Zwischen den Zeilen:

  • Mehrwertsteuer- und Zollbetrug verursachen 45,01 Milliarden Euro Schaden, über zwei Drittel des Gesamtschadens. Organisierte Netzwerke nutzen oft ihre China-Verbindungen für Unterbewertung importierter Waren.
  • Der Ausgabenbetrug (mit EU-Subventionen) dominiert mit 68 Prozent der Fälle, verursacht aber nur 27 Prozent des Schadens (18,67 Milliarden Euro).
  • 512 aktive Fälle beim Recovery and Resilience Facility – der Schaden summierte sich auf bereits 5 Milliarden Euro.

Follow the money: Der Gesamtschaden für die europäischen Steuerzahler allein im Vorjahr: 67,27 Milliarden Euro.

  • Der Einnahmebetrug sorgte für einen Schaden von 45,01 Milliarden Euro. Italien führt mit 28,71 Milliarden Euro Schaden, Deutschland liegt bei 5,77 Milliarden Euro. Jeder Euro, der von Betrügern abgezweigt wird, fehlt bei Investitionen in Infrastruktur, Landwirtschaft oder bei der Wirtschaftsförderung.

Die andere Sicht: Kövesi betont die Erfolge der Staatsanwaltschaft: Es gebe eine Verurteilungsquote von 95 Prozent, und es wurde ein Vermögen in Millionenhöhe eingezogen.

Die Realität: Der Schaden verdreifachte sich trotzdem.
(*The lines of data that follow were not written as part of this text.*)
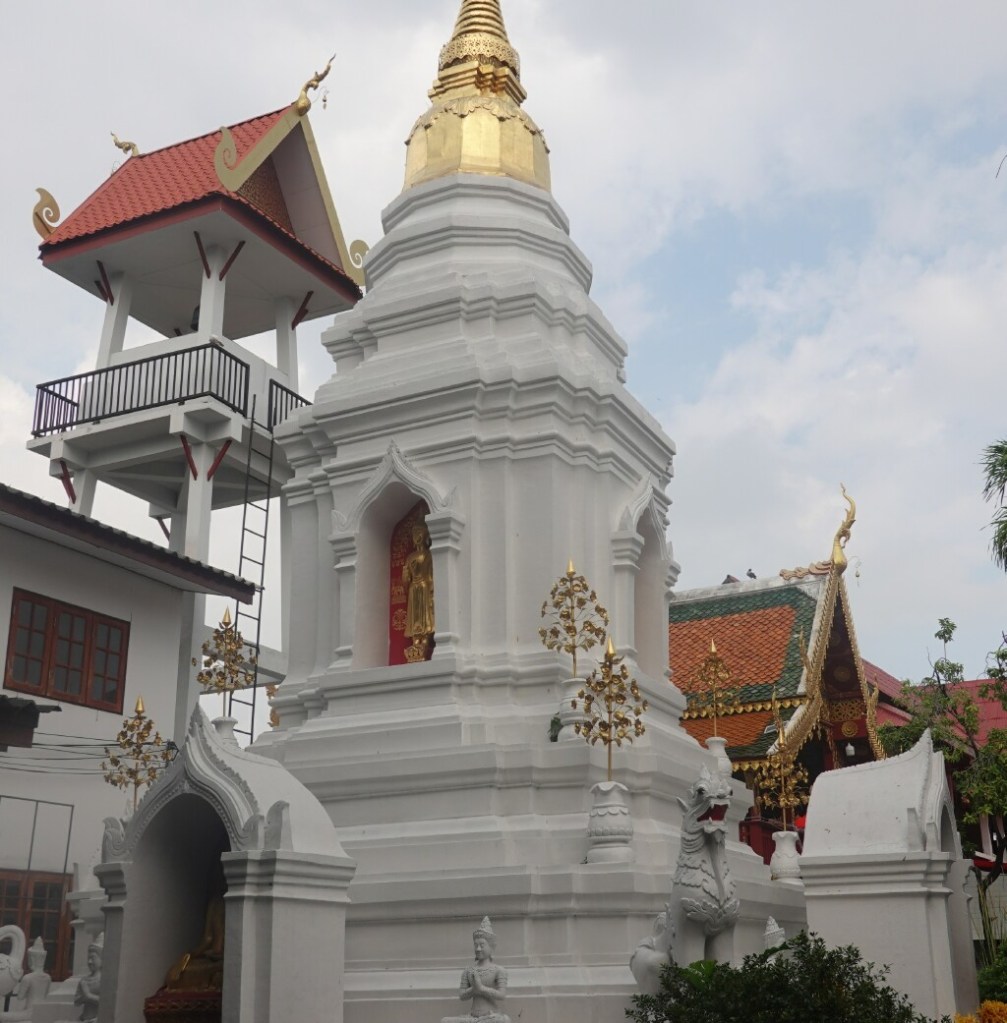 All white, modern chedi at Wat Fon Soi, Chiang Mai, Thailand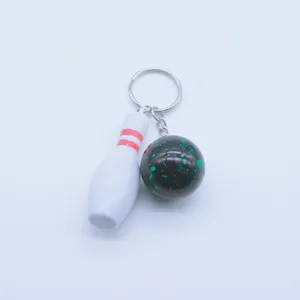 Detailed view of mini bowling pin and ball keychain pendant with silver metal ring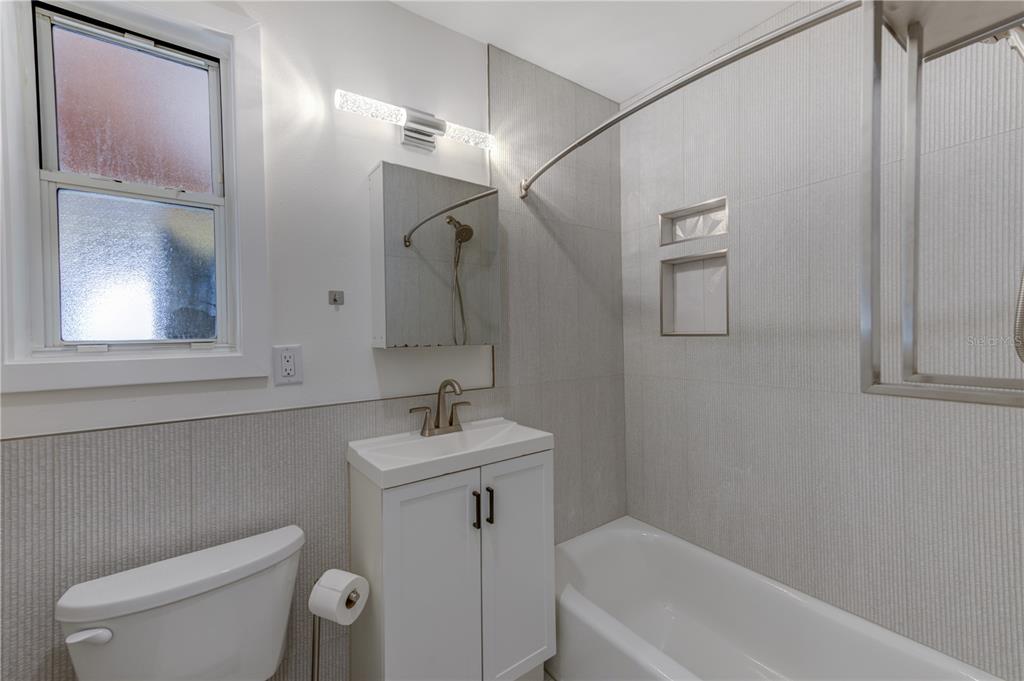 16245 Gulf Boulevard Redington Beach, FL 33708 - Photo 23 of 30 a bathroom with a sink a toilet and shower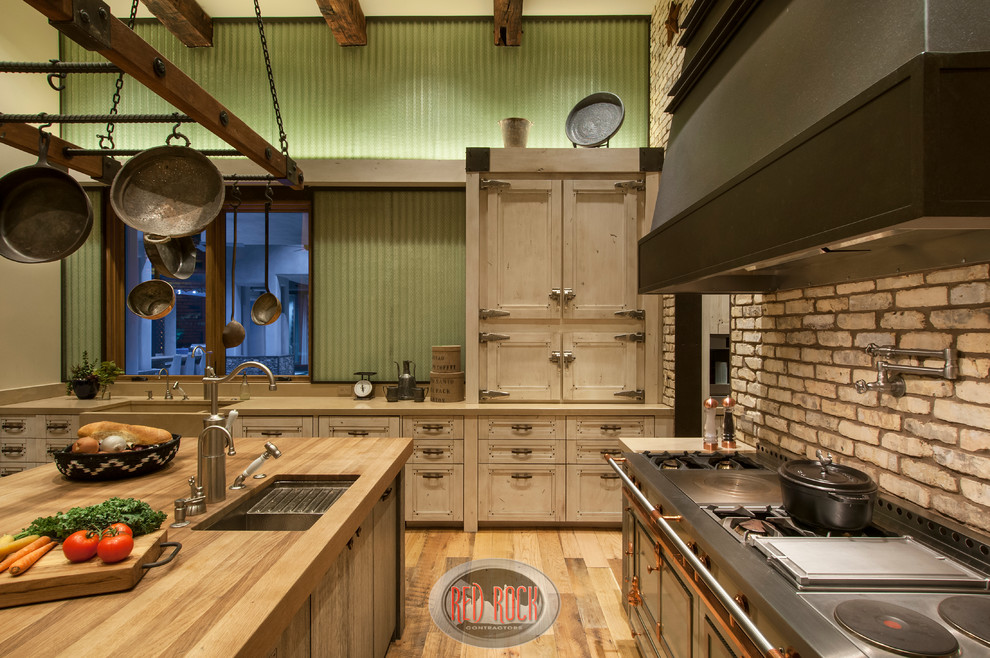 Photo of an expansive rustic galley kitchen pantry in Phoenix with a belfast sink, recessed-panel cabinets, distressed cabinets, concrete worktops, green splashback, glass sheet splashback, integrated appliances, medium hardwood flooring and an island.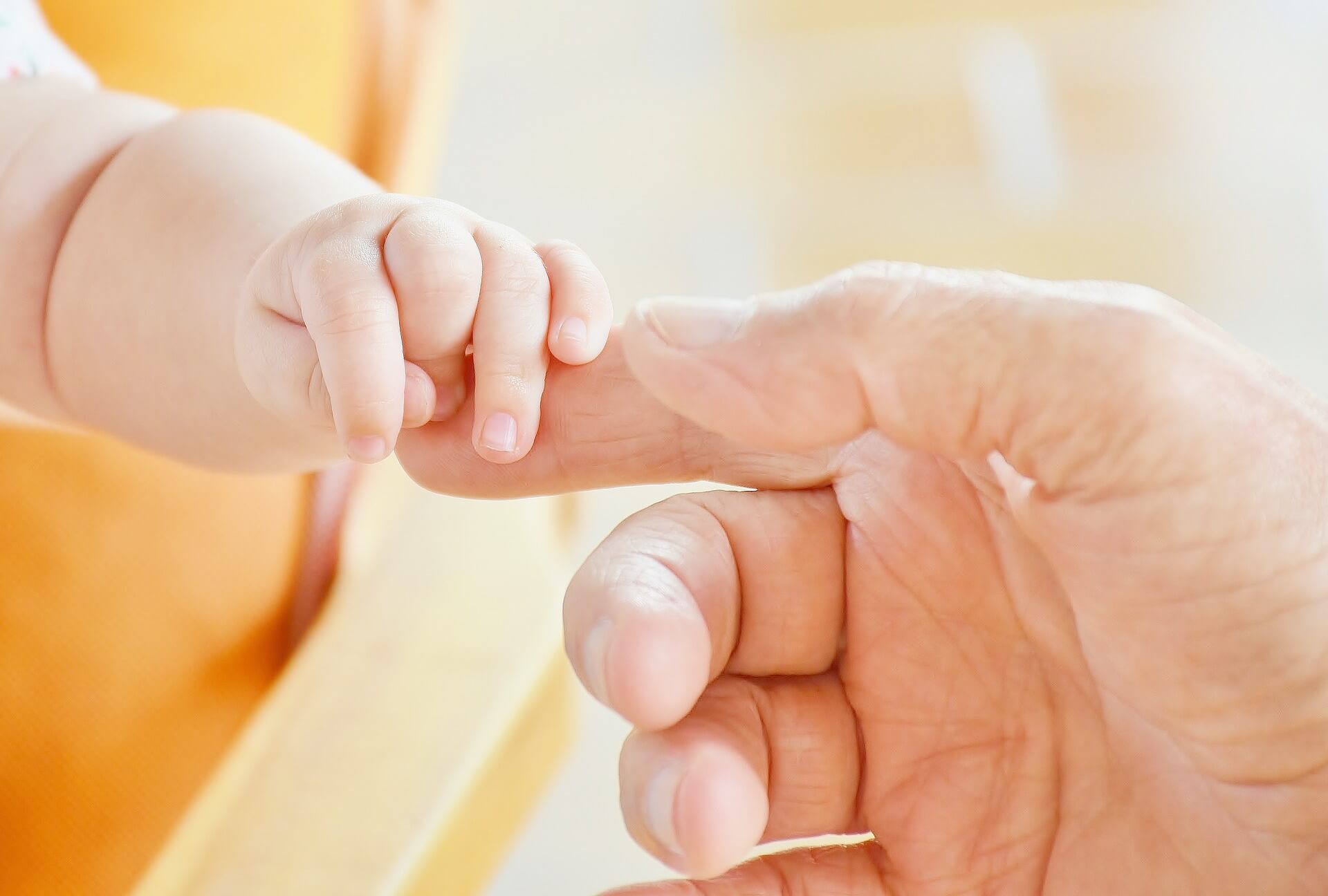 Une maman tient le doigt de son jeune nourrisson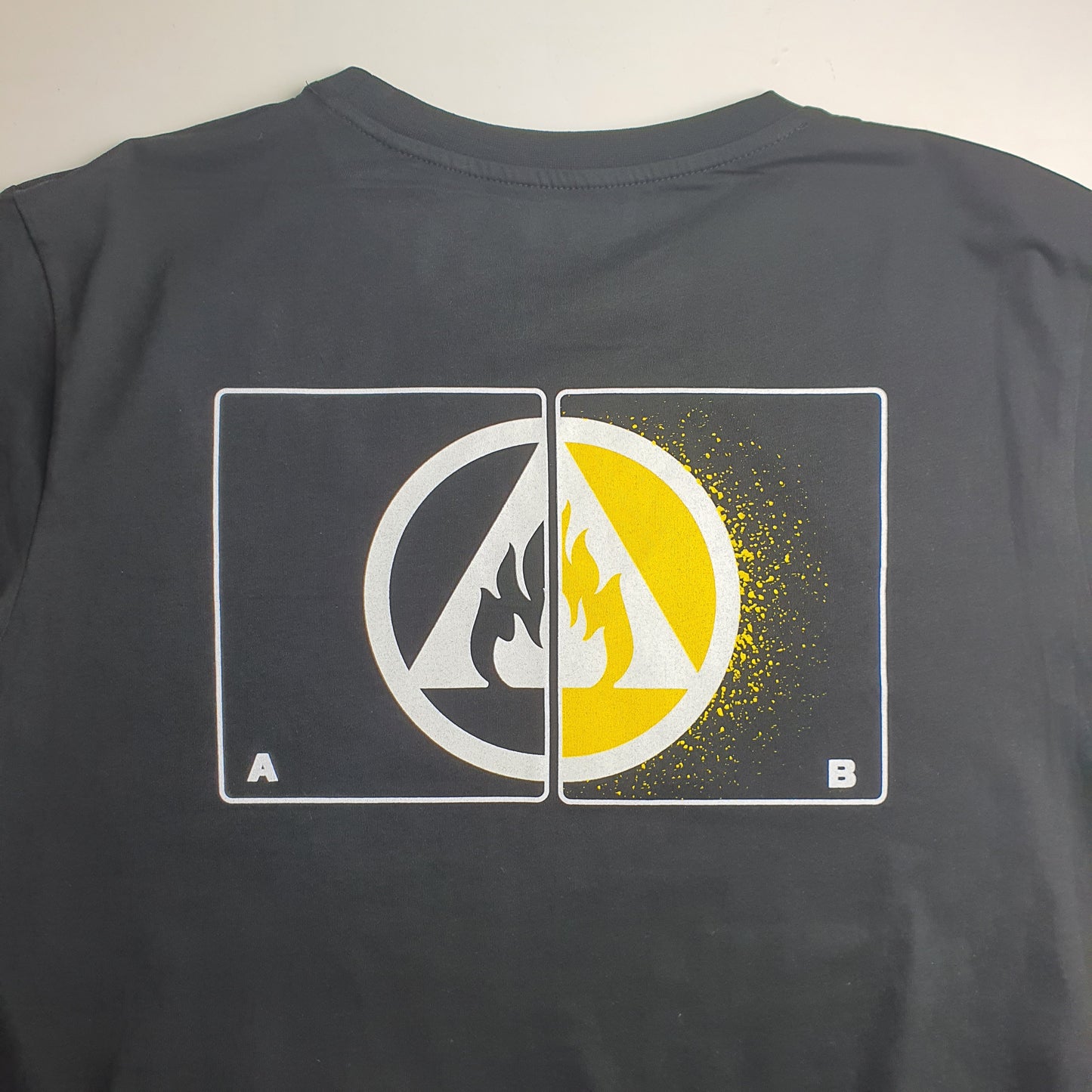 Black sleeveless shirt with a graphic design featuring a yellow circle and a logo on a grey background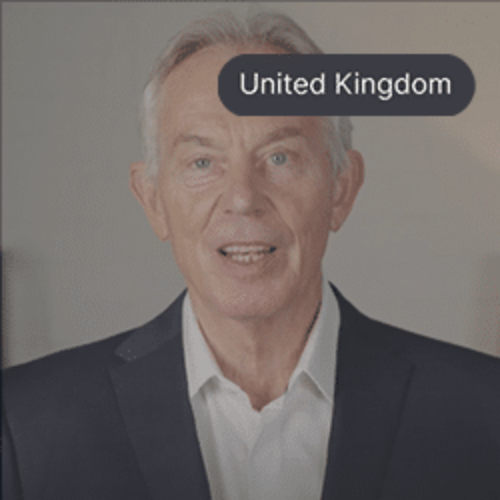 Sir Tony Blair wearing a dark suit and white shirt, smiling while speaking indoors.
Nationale Behörden melden zu wenig Verdachtsfälle, die Kooperation mit der EU-Anti-Korruptionseinheit OLAF bleibt schwach.

Warum das wichtig ist: 67 Milliarden Euro, die Betrüger aus em EU-Haushalt abzweigen können, bedeuten eine direkte Belastung für jeden Haushalt – über höhere Preise und Steuern. Das vertrauen in die Institution EU schwindet, wenn kriminelle Netzwerke den EU-Haushalt plündern.